Reputation: 37
I have a list of column names which contains column names , I am iterating a row and checking if it contains 1 then appending that column name to a list.Can It be better using zip or something.
private def getNames(row: Row): List[String] = {
val listofColumnNames = row.schema.fields.map(_.name).toList
val listOfColumnWhichContainOne = ArrayBuffer[String]()

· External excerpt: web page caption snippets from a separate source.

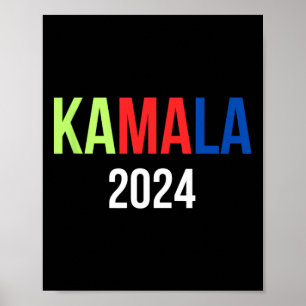 Harris presidentiële campagne 2024 poster
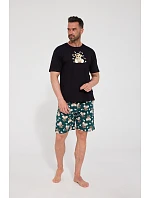 Pyžamo Cornette 326/348 Billionaire, krátke rukávy, veľkosti S–2XL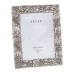 Photo frame Alexandra House Living Silver Plastic 20 x 1 x 25 cm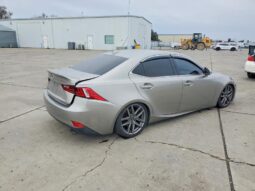 
										2015 Lexus Is 250 full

listofColumnNames.indices.foreach(index => {
if(row.getInt(index).equals(1)) {
listOfColumnWhichContainOne.append(listofColumnNames(index))
}
})
listofColumnNames.toList
}
Can It be simplified ?
Upvotes: 1
Views: 192
Reputation: 14875
You can add a new column to an existing dataframe that contains a list of all columns in which for that particular row the field has the value 1
.
Within the column paramater of withColumn you can iterate over all other columns and check for the wanted value:
val df = Seq((1, 2, 3), (4, 5, 6), (3, 2, 1)).toDF("col1", "col2", "col3")
df.show()
val cols = df.schema.fieldNames //change this array according to your needs
//if you want to exclude columns from the check
df.withColumn("result", array(
cols.map {
c: String => when(col(c).equalTo(1), c)
}: _*
)).show()
prints:
//input data
+----+----+----+
|col1|col2|col3|
+----+----+----+
| 1| 2| 3|
| 4| 5| 6|
| 3| 1| 1|
+----+----+----+
//result
+----+----+----+--------------+
|col1|col2|col3| result|
+----+----+----+--------------+
| 1| 2| 3| [col1,,]|
| 4| 5| 6| [,,]|
| 3| 1| 1|[, col2, col3]|
+----+----+----+--------------+
Upvotes: 1